There is a growing recognition that our collective “ubuntu” – the ties that bind us together as humans – is broken. Digital technologies and social media mean that we are more connected than ever, and yet distrust, isolation and fragmentation characterize our social condition. Increasingly, this global phenomenon has translated into political spaces, as we’ve seen with Brexit, Trump’s election and the rise of right-wing populist parties across Europe.
Societal divides are no longer as simple as north-south or “developed”-“developing”: inequalities within countries are as great as they are between them. Initiatives that set out to organize, mobilize and engage people where they are, to re-connect neighbours with each other and reignite a sense of shared purpose and possibility are crucial to countering these negative forces.

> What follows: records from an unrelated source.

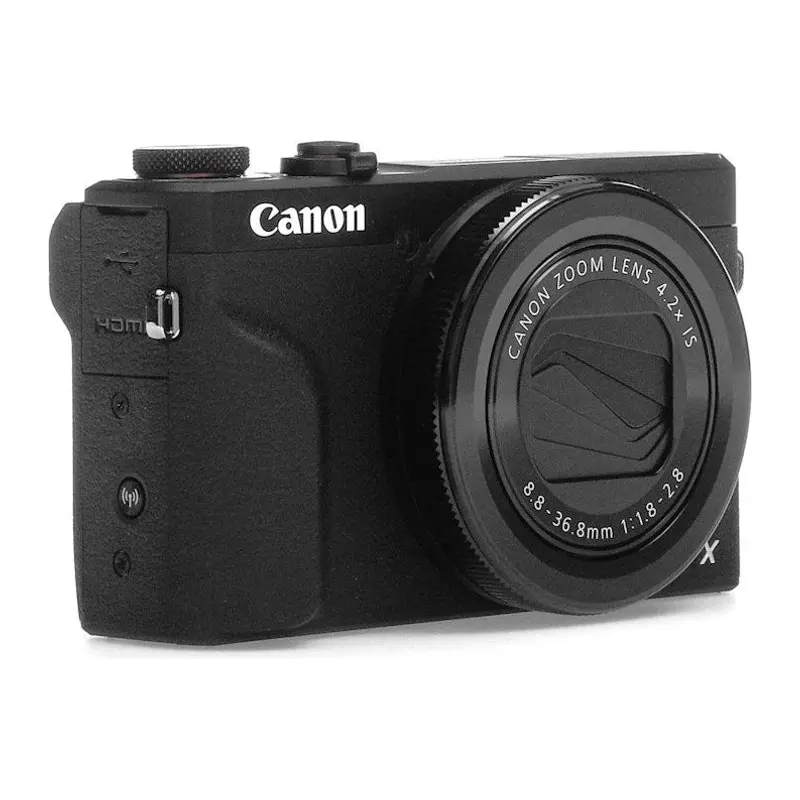 Máy ảnh Canon PowerShot G7 X Mark III 3637C001 màu đen, phích cắm chuẩn Mỹ (US Plug), do StockX bán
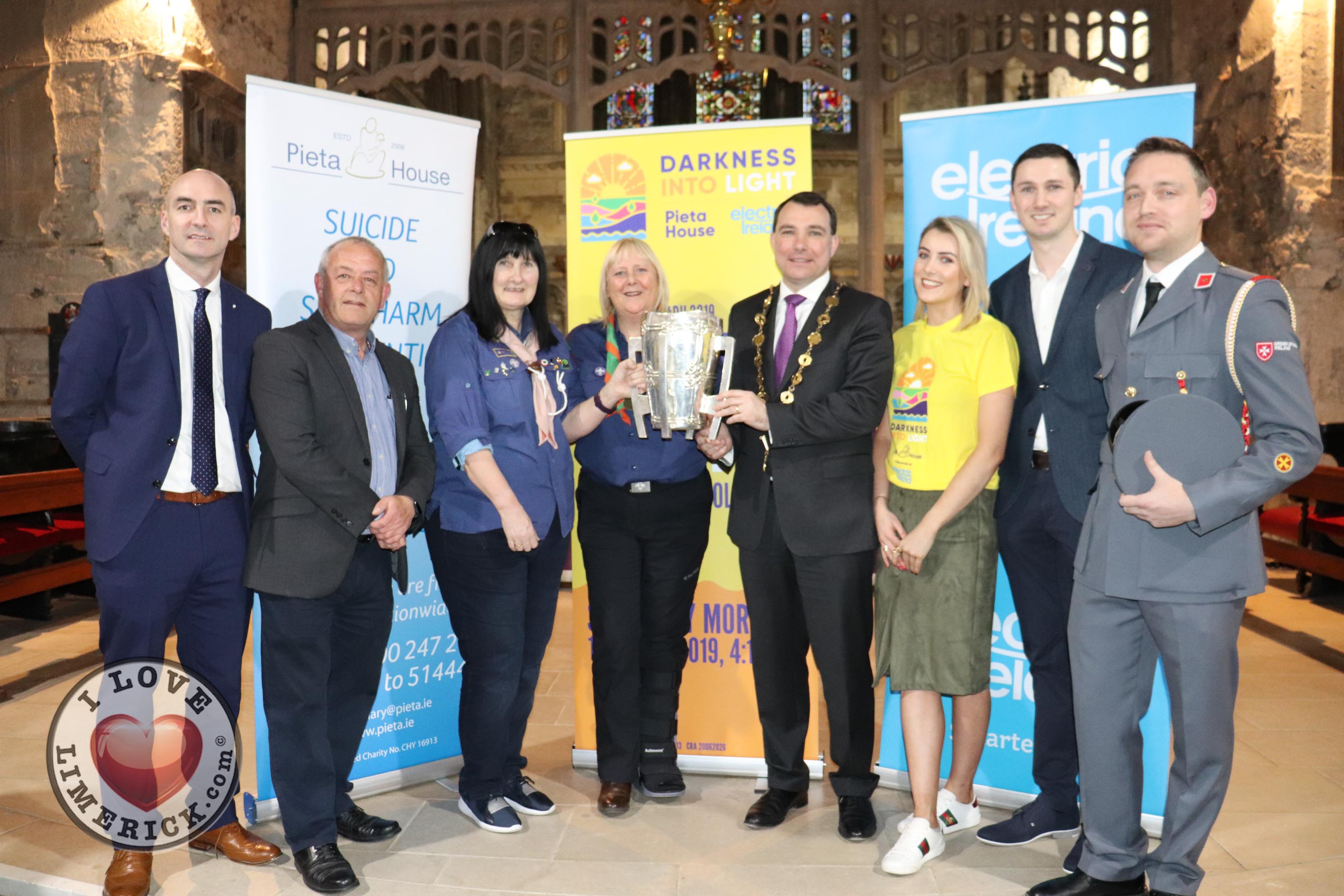 Pieta House Darkness Into Light launch 2019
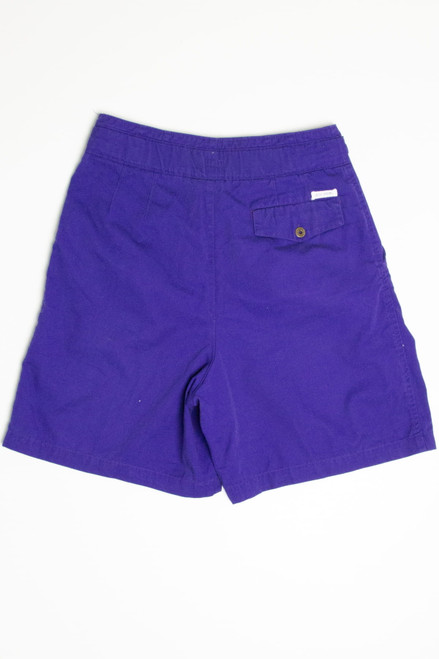 Crazy Purple High Waisted Bonjour Shorts (sz. 9/10)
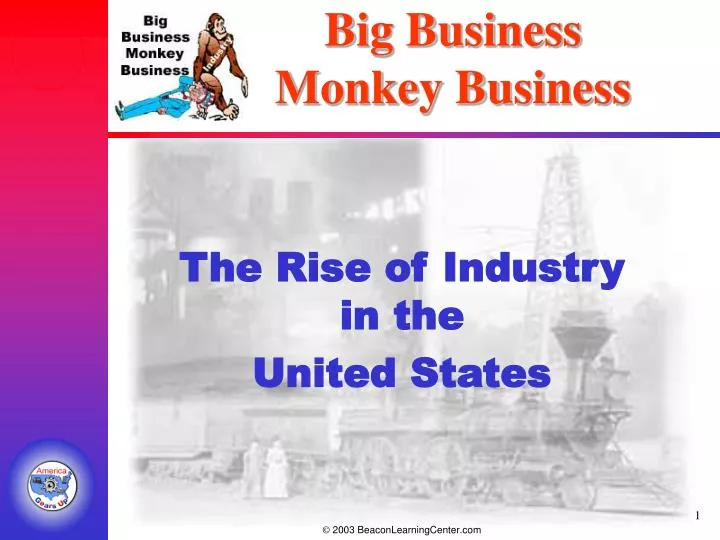 big business monkey business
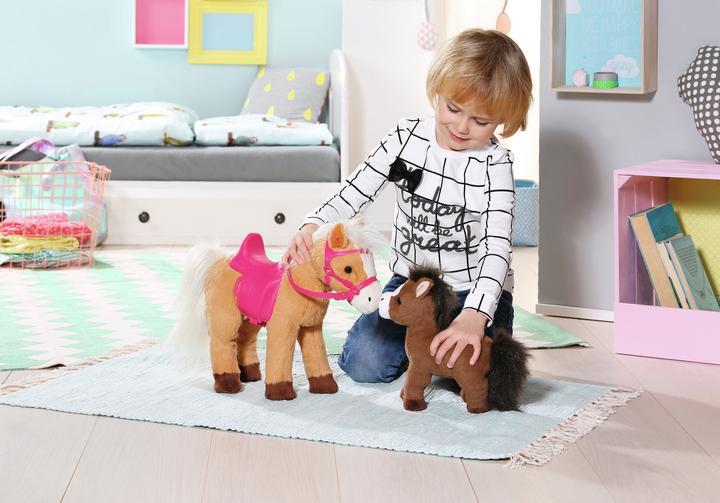 Actual product image Zapf Creation BABY Born horse Sunny & foal Pony Farm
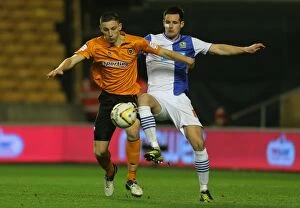 Images Dated 11th January 2013: npower Football League Championship - Wolverhampton Wanderers v Blackburn Rovers - Molineux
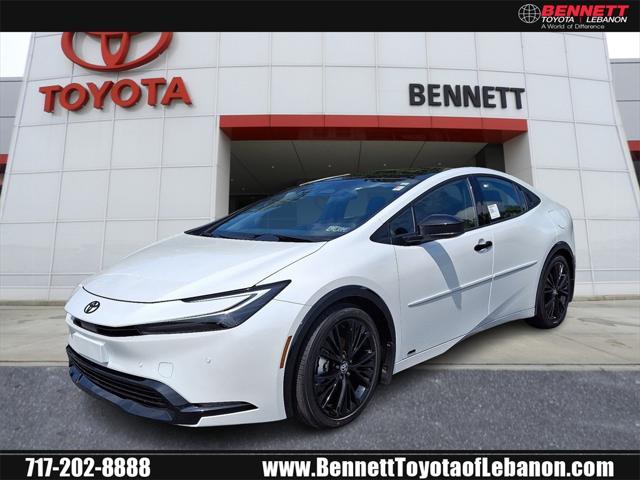 new 2025 Toyota Prius car, priced at $38,987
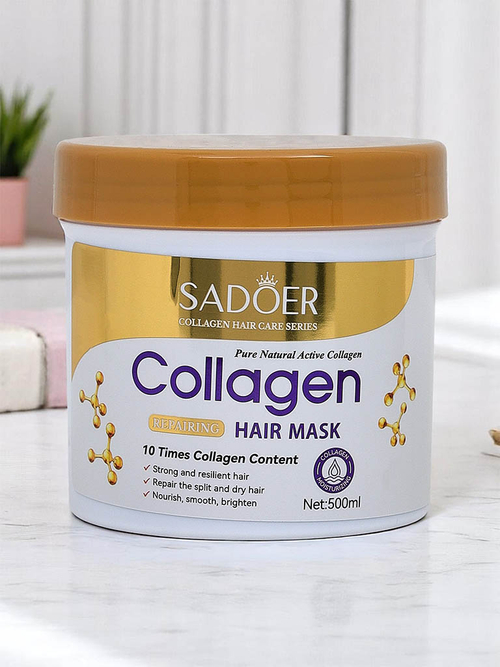 Маска для волосся Sadoer з колагеном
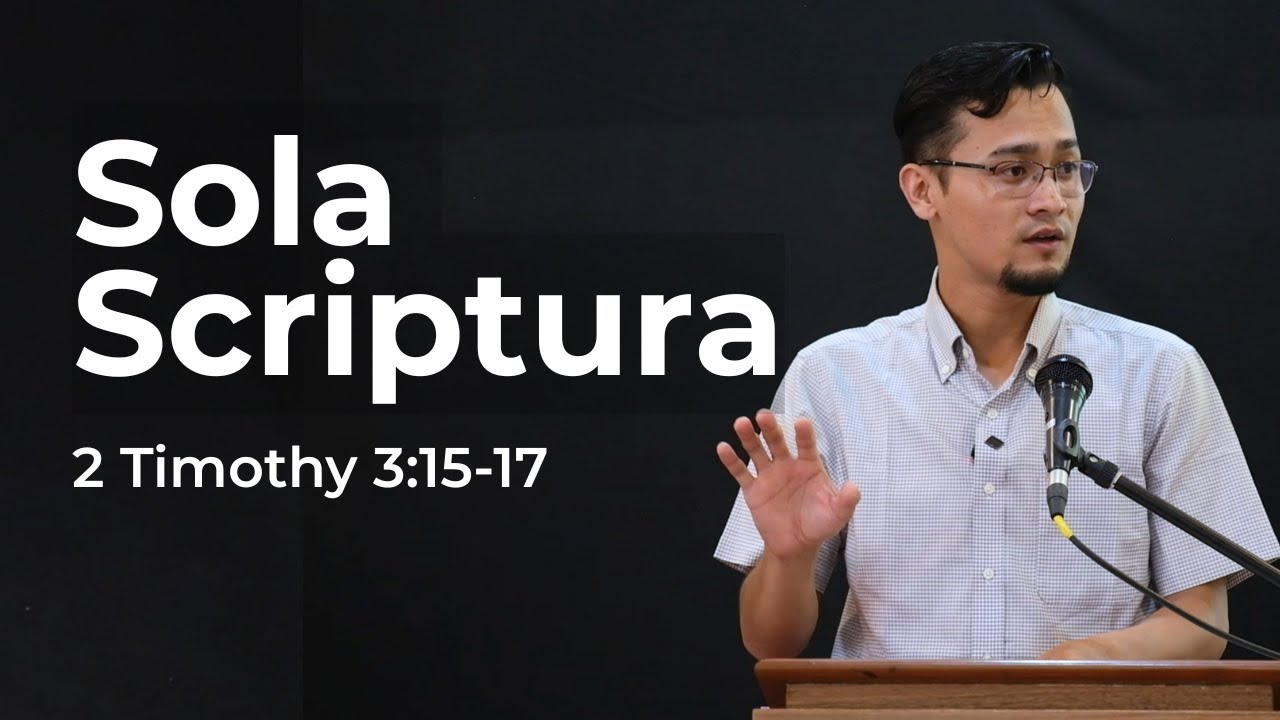 Sola Scriptura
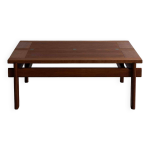 Table basse en chne par tage poulsen
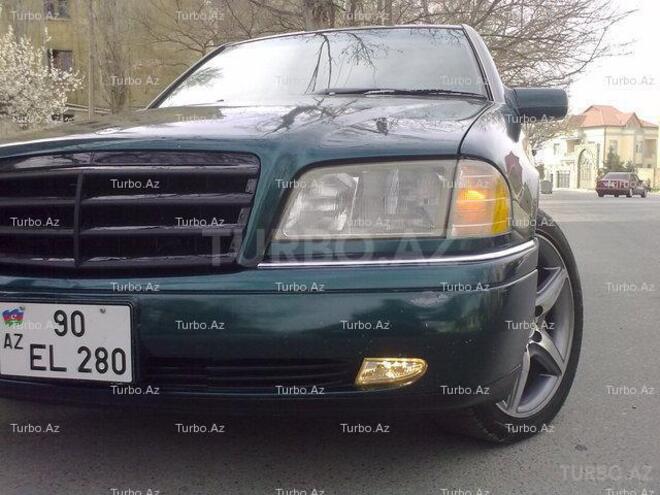 Mercedes C 280 1997, 204,873 km - 2.8 l - Bakı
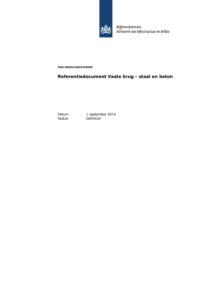 Referentiedocument vaste brug staal en beton v5.2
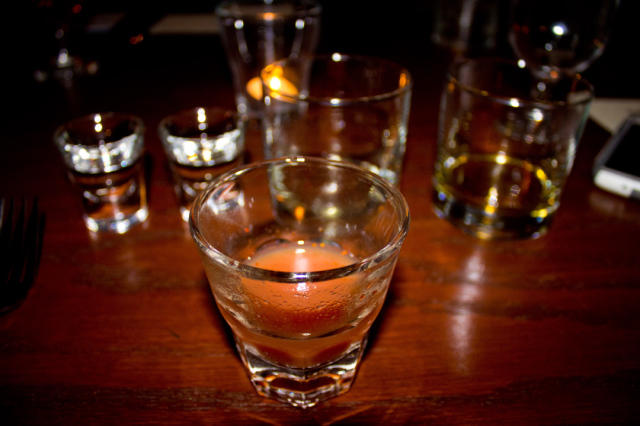 Tequila Samples Folc Dulce Vida Tequila Paired Dinner 2015-5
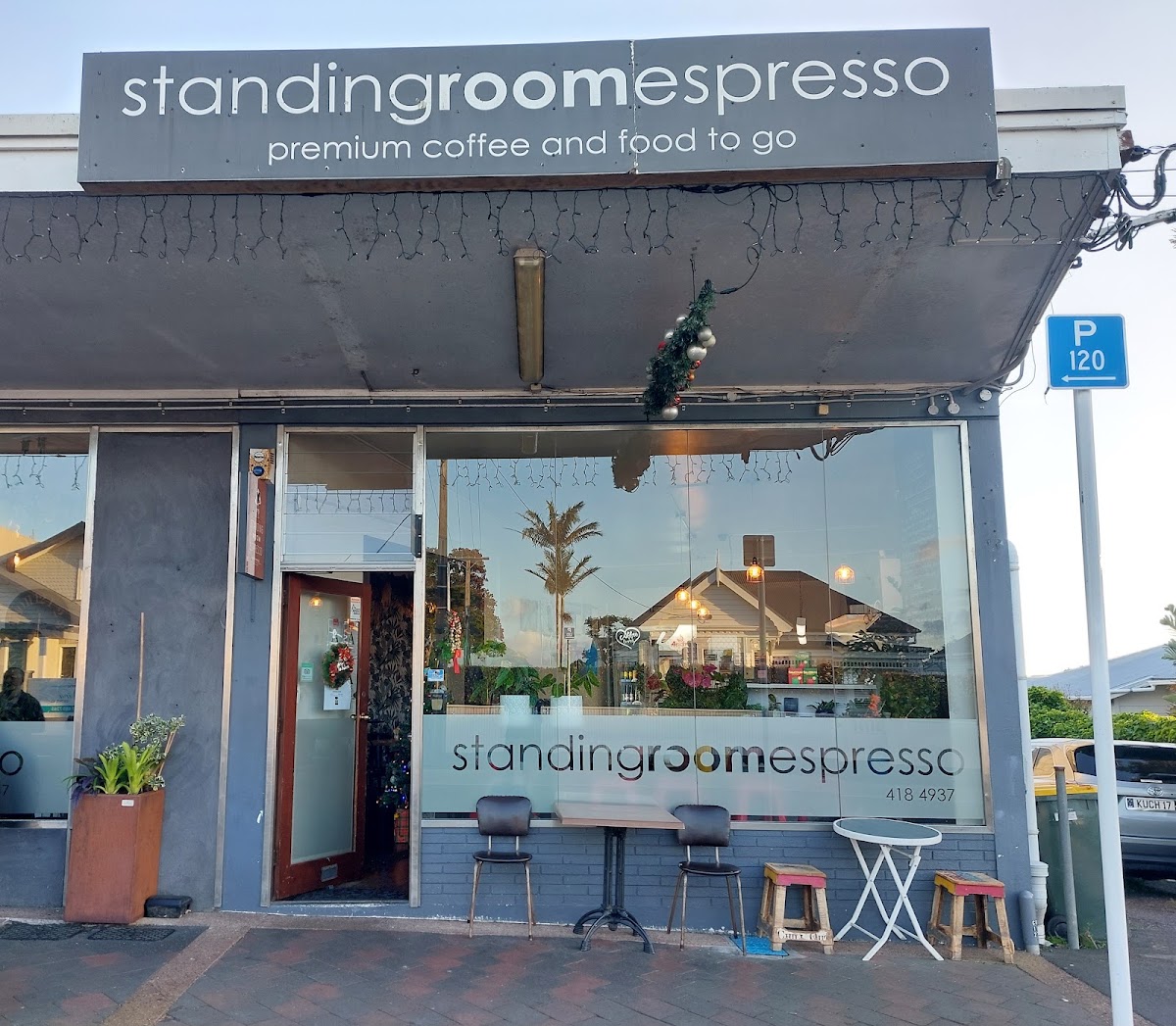 Standing Room Espresso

Harnessing the power of people
The world needs community weavers and bridge-builders, people and institutions who can instill hope and build power at the margins of our societies, in villages, towns, cities around the world. This new social renaissance is characterized by distributed, citizen-led networks and “relationalism” rather individualism.
Over the last twenty years, a quiet revolution has been taking place in communities around the world, often despite rather than because of the big machinery of international development aid. Community philanthropy has emerged as a way of organizing, as a development strategy and as a set of institutions in countries as diverse as Brazil, Kenya, Russia and Vietnam.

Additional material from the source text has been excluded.